WHAT IS REQUIRED
Starting with the line that contains "VIN number location" and stopping after the line that contains "Gather around the", copy the entries below exactly. Include nothing else.

THE INPUT below:

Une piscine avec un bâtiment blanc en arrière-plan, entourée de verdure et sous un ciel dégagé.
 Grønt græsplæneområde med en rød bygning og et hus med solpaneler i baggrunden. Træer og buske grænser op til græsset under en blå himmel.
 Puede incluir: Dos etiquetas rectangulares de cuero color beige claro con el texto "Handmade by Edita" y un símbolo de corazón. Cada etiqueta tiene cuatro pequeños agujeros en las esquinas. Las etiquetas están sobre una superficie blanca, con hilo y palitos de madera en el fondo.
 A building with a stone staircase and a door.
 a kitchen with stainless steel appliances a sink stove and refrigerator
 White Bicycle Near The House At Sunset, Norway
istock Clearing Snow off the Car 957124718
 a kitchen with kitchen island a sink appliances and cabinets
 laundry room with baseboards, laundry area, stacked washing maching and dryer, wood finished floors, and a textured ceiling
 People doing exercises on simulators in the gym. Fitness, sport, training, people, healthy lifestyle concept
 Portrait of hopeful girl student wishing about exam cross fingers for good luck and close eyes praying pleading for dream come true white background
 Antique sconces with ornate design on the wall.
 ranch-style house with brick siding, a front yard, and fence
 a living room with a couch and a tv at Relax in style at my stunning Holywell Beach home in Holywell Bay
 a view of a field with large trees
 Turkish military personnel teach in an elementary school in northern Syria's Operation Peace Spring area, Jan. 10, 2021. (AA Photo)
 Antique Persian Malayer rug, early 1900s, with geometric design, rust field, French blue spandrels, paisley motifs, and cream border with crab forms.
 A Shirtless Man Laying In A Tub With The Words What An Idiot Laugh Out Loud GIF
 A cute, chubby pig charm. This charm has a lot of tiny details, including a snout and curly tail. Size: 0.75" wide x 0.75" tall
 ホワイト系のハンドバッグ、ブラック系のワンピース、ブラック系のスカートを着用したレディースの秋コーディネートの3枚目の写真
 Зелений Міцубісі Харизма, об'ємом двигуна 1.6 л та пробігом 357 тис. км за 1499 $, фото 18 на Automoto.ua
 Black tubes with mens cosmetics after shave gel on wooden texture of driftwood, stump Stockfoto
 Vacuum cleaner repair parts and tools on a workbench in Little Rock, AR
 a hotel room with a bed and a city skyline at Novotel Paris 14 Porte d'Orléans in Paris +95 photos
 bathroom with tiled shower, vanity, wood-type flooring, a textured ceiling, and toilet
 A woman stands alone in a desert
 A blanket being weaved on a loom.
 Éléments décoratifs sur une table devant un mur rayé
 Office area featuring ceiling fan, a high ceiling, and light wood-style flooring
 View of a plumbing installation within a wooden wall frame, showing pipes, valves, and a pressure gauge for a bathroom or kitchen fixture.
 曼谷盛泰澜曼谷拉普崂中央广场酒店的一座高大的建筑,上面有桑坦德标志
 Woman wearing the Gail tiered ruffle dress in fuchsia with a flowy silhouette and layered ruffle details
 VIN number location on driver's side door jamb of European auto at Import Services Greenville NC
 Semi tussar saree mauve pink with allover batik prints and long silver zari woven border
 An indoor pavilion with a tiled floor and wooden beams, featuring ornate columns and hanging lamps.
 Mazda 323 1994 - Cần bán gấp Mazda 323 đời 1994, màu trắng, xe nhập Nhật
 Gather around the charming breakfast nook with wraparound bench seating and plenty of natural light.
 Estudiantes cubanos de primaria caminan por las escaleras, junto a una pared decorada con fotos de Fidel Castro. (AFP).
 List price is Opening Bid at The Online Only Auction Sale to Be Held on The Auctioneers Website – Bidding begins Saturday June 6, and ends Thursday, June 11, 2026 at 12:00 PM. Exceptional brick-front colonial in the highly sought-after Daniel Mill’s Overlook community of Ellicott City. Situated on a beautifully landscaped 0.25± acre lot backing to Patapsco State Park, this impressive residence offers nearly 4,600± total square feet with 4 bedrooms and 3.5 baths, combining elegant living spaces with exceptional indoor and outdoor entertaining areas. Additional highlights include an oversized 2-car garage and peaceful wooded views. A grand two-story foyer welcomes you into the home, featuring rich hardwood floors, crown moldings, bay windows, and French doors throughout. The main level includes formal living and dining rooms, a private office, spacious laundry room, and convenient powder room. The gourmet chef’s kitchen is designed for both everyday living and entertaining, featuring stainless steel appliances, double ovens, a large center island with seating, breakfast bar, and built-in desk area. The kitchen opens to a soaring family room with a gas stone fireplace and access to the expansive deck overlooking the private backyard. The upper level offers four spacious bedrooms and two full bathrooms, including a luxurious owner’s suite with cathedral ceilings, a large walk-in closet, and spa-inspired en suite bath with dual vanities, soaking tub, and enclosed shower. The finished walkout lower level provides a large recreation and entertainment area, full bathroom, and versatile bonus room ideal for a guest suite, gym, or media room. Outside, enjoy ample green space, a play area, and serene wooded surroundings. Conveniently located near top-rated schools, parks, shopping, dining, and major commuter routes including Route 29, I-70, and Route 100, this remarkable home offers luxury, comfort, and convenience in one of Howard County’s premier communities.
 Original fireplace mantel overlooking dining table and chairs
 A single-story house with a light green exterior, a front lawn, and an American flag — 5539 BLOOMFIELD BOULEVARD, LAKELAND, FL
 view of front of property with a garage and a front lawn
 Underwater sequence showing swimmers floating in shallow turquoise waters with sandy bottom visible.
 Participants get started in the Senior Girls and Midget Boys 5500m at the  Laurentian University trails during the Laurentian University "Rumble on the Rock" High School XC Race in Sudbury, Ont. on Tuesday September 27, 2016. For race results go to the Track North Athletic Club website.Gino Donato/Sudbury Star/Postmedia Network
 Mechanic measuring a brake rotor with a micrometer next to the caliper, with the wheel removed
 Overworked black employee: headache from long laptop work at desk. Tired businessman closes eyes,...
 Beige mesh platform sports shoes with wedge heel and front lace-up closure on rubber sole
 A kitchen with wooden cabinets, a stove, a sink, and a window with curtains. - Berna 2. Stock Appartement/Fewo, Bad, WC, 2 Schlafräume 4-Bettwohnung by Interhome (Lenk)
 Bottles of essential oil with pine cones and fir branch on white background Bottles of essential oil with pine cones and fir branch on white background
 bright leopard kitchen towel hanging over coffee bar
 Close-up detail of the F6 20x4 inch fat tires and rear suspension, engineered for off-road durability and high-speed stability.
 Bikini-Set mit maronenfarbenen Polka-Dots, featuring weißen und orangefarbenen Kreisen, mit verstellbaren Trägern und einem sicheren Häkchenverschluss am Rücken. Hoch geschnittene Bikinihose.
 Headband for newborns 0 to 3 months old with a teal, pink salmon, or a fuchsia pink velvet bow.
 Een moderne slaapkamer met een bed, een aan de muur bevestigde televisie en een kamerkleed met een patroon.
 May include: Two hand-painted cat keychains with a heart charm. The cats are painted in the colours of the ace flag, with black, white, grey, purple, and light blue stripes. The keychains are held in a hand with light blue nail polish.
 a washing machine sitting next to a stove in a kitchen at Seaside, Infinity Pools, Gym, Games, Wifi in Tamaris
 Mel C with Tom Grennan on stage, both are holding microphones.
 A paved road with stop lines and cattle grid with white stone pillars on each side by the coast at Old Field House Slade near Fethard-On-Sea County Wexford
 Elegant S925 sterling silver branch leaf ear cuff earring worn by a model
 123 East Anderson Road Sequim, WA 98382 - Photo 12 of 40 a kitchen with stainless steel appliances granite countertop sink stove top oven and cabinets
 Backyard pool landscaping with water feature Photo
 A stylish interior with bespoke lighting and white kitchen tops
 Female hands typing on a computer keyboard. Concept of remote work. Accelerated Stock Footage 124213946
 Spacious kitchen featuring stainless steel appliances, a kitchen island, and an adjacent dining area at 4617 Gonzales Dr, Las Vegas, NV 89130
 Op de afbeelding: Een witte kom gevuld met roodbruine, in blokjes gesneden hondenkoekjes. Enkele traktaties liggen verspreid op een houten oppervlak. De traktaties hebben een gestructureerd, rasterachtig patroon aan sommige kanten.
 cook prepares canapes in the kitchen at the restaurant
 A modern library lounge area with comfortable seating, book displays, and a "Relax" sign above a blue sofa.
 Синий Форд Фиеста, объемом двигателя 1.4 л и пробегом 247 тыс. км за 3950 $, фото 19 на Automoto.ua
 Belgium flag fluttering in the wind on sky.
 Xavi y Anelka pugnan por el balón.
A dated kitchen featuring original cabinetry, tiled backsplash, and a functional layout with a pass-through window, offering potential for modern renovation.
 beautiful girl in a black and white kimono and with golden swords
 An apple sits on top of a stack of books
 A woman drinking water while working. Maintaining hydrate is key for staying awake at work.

End of THE INPUT.

RESULT OF THIS EXERCISE
 VIN number location on driver's side door jamb of European auto at Import Services Greenville NC
 Semi tussar saree mauve pink with allover batik prints and long silver zari woven border
 An indoor pavilion with a tiled floor and wooden beams, featuring ornate columns and hanging lamps.
 Mazda 323 1994 - Cần bán gấp Mazda 323 đời 1994, màu trắng, xe nhập Nhật
 Gather around the charming breakfast nook with wraparound bench seating and plenty of natural light.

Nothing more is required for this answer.